Exercise directions:
First find the line with "CXGPLAYSYT Classic Fnaf", then reproduce it and all following lines of the data to the end, exactly and with no pictures, adding nothing.

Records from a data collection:
□ □ □
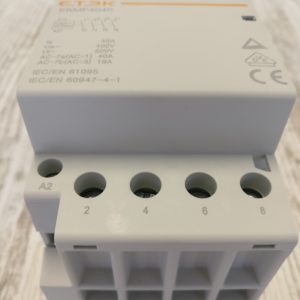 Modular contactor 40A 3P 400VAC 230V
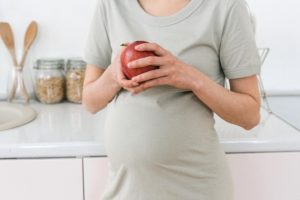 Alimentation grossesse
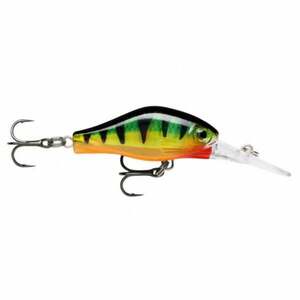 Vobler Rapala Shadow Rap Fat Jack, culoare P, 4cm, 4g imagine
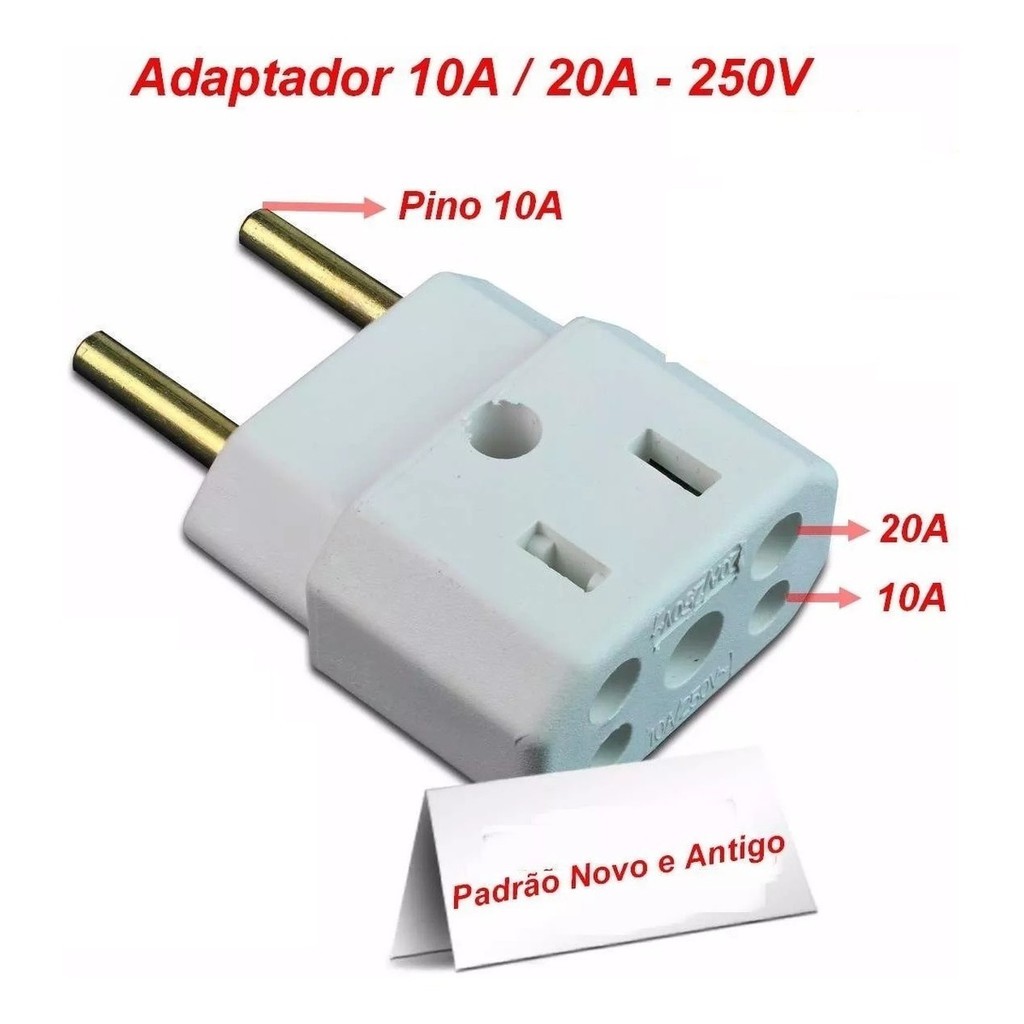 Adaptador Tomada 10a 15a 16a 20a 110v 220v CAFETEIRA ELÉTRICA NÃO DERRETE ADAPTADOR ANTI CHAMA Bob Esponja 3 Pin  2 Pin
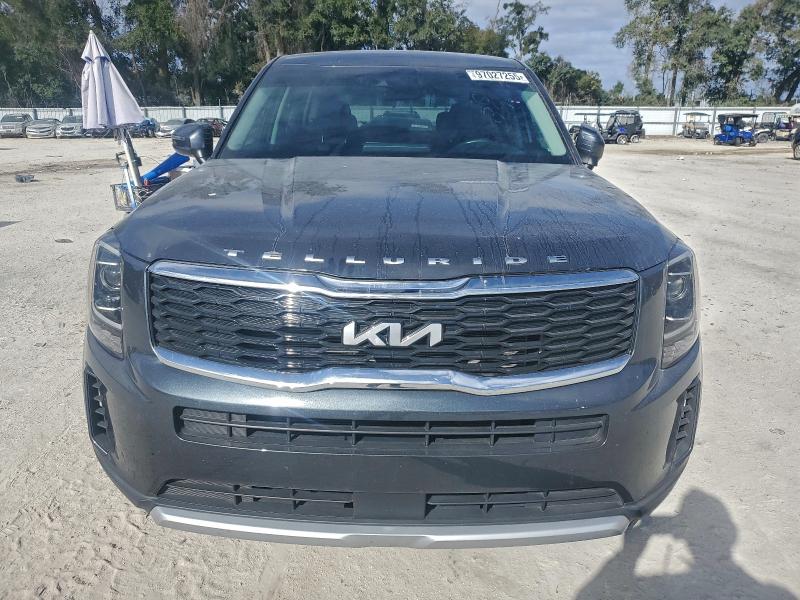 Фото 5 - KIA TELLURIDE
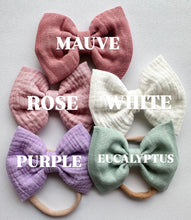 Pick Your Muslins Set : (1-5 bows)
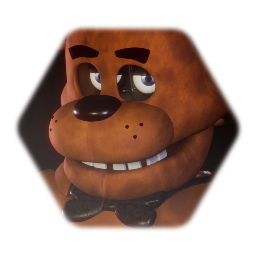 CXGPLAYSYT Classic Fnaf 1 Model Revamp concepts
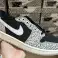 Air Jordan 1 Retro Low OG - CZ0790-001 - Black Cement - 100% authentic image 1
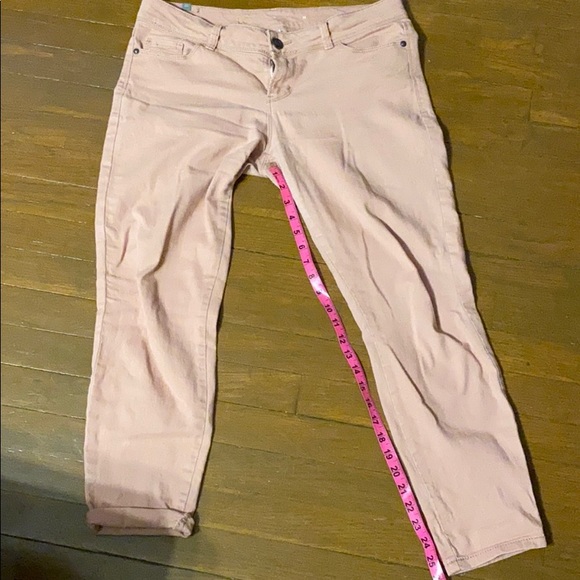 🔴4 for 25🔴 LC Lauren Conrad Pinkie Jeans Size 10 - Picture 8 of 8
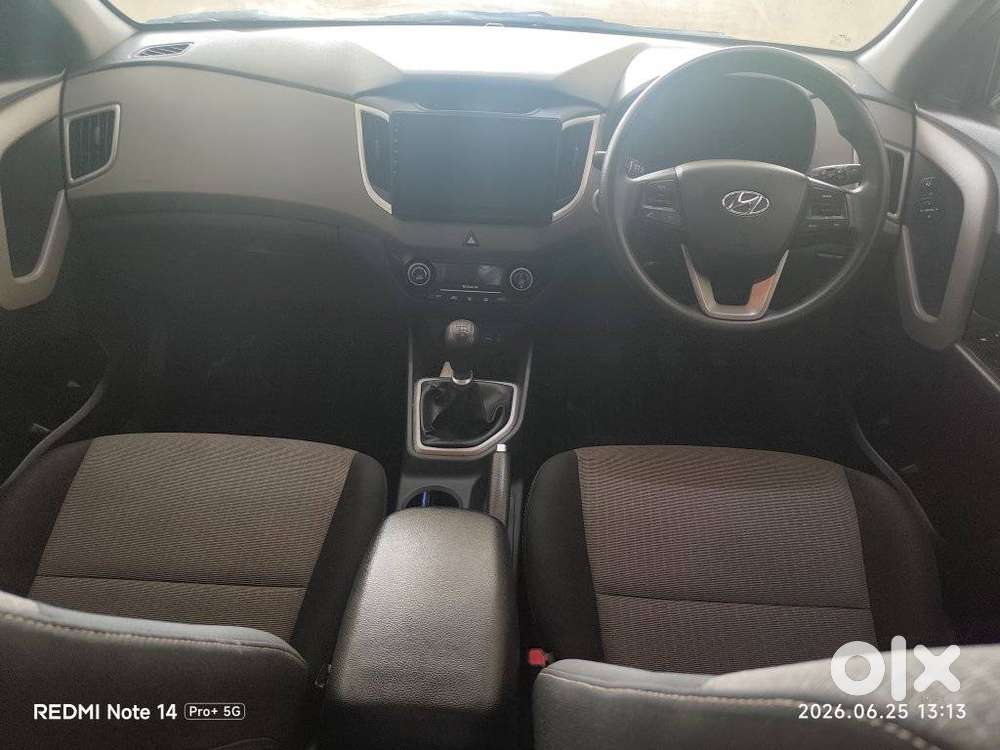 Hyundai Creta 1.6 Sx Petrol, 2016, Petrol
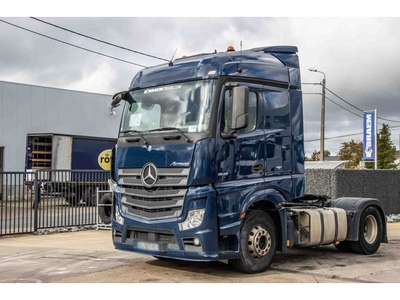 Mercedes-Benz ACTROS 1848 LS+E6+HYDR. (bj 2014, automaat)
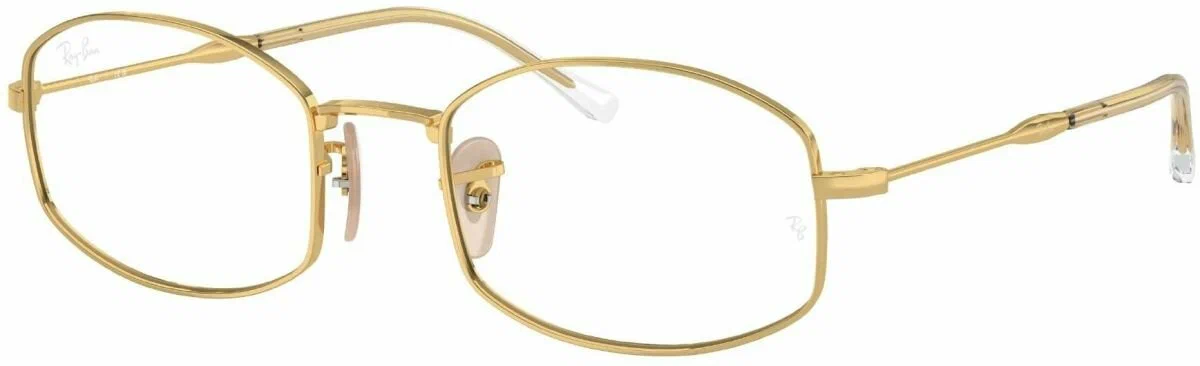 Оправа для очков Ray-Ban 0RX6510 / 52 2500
□ □ □
Exercise response:
 CXGPLAYSYT Classic Fnaf 1 Model Revamp concepts
 Air Jordan 1 Retro Low OG - CZ0790-001 - Black Cement - 100% authentic image 1
 🔴4 for 25🔴 LC Lauren Conrad Pinkie Jeans Size 10 - Picture 8 of 8
 Hyundai Creta 1.6 Sx Petrol, 2016, Petrol
 Mercedes-Benz ACTROS 1848 LS+E6+HYDR. (bj 2014, automaat)
 Оправа для очков Ray-Ban 0RX6510 / 52 2500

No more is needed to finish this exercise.